= Nicole Bazuin =

Canadian photographer and documentary filmmaker

Nicole Bazuin is a Canadian photographer and documentary filmmaker, most noted for her creative collaborations with Andrea Werhun.

The daughter of Dan Bazuin, a former owner of the Toronto independent bookstore This Ain't the Rosedale Library, she began her career as a photographer and director of short films.

She first became widely known for her photographic illustrations in Werhun's book Modern Whore, a memoir of Werhun's time as a sex worker. She then collaborated with Werhun on the short films Modern Whore and Last Night at the Strip Club, which further documented Werhun's sex work.

In 2022, Werhun and Bazuin published an updated edition of the book version of Modern Whore.

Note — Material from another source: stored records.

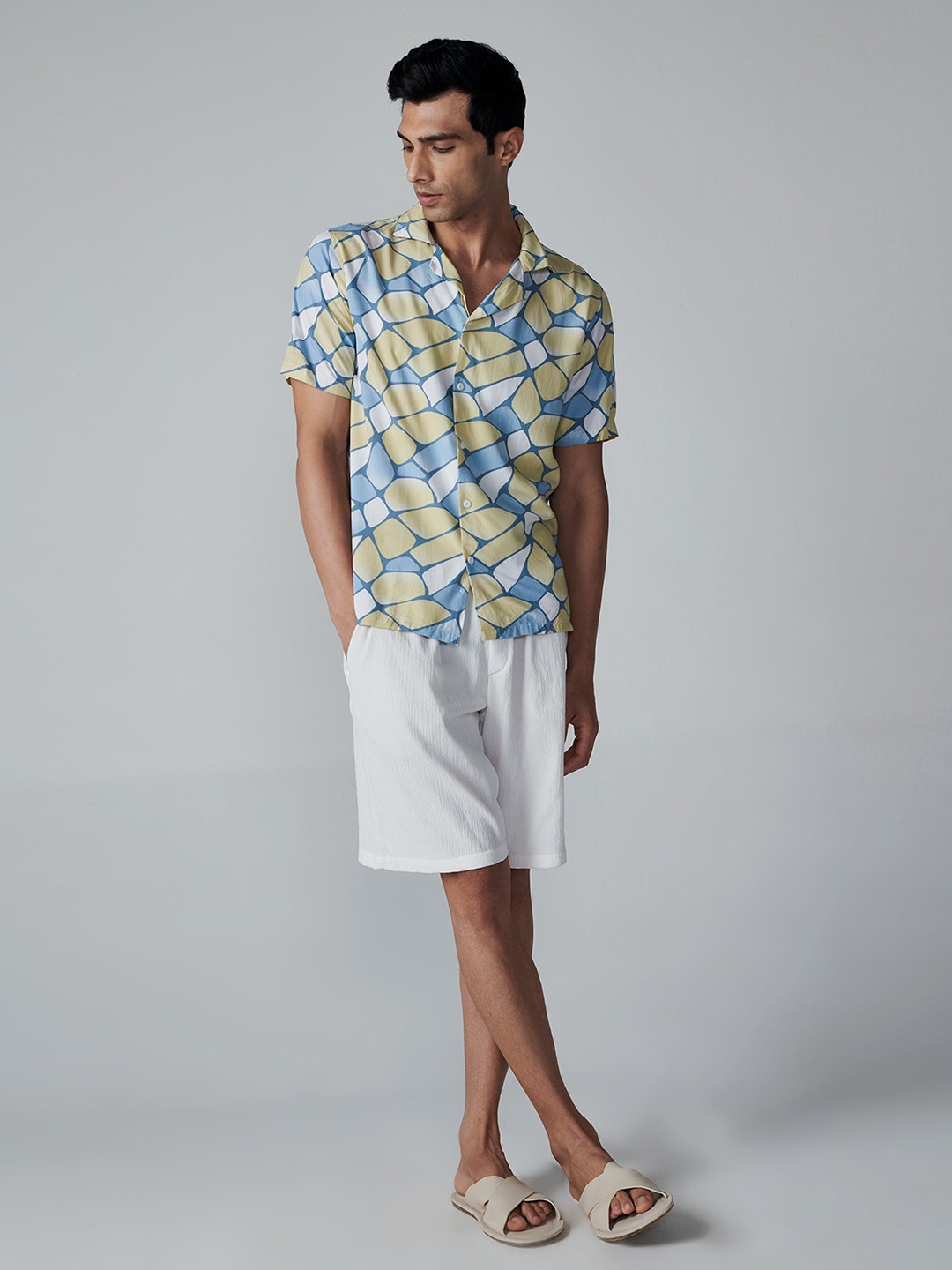 

OFFCUTS Spread Collar Relaxed Floral Printed Casual Cotton Shirt, Blue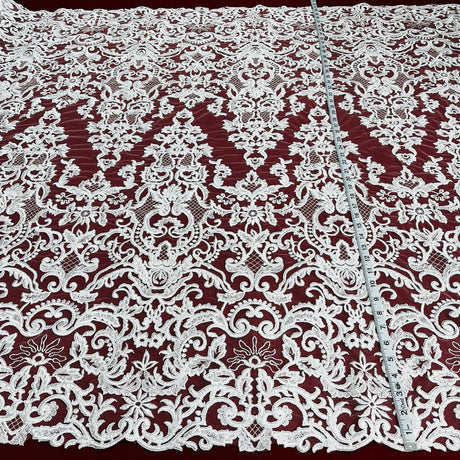 1 Yard Ivory Corded Bridal Lace Fabric Embroidered on 100 Percent Polyester Net Mesh 53 Inch Width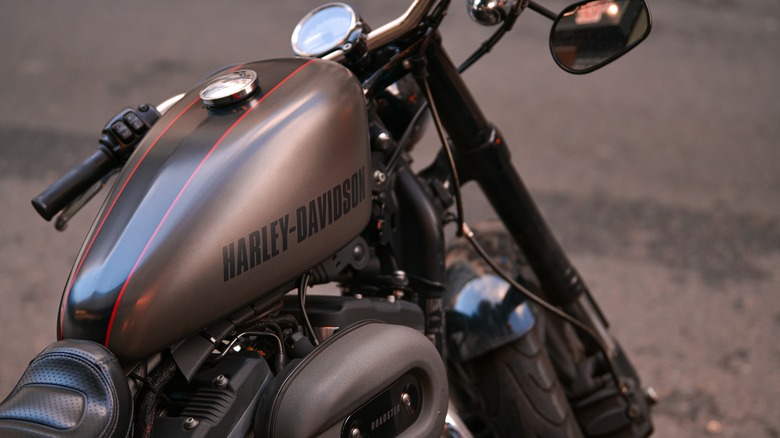 Close up side view of a Harley Roadster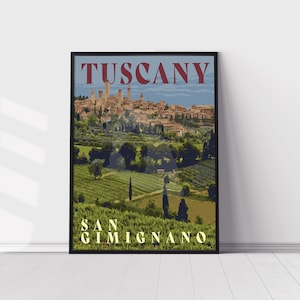 San Gimignano Tuscany Italy Vintage Style Travel Poster, Tuscany Italy Print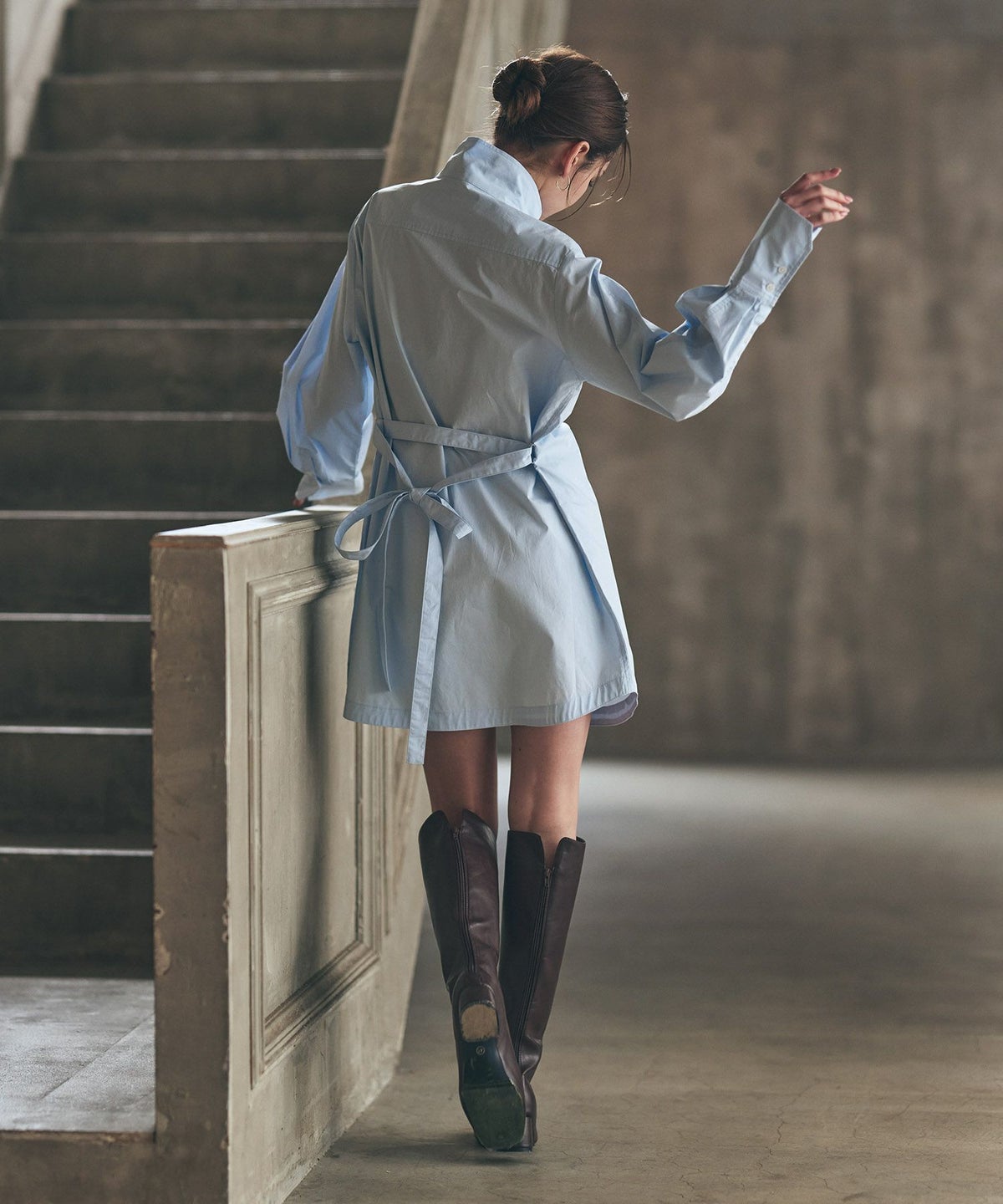 ストリート ストカジ ボーイッシュ メンズライク ロングシャツ チュニック ミニワンピ 長め丈 韓国風 韓国系 カジュアル エレガント 海外系 きれいめ 細見え カジュアル スタイル盛れ KINO THE KEI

In 2023 she directed Thriving: A Dissociated Reverie, a short documentary film about artist Kitoko Mai. The film was named to the Toronto International Film Festival's annual Canada's Top Ten list for 2023.

A full-length feature film expansion of Modern Whore premiered at the 2025 Toronto International Film Festival. In December 2025, Bazuin was named the recipient of the Documentary Organization of Canada's annual Vanguard Award for an emerging talent in Canadian documentary filmmaking.

At the 14th Canadian Screen Awards in 2026, Bazuin won the award for Best Editing in a Documentary, for Modern Whore.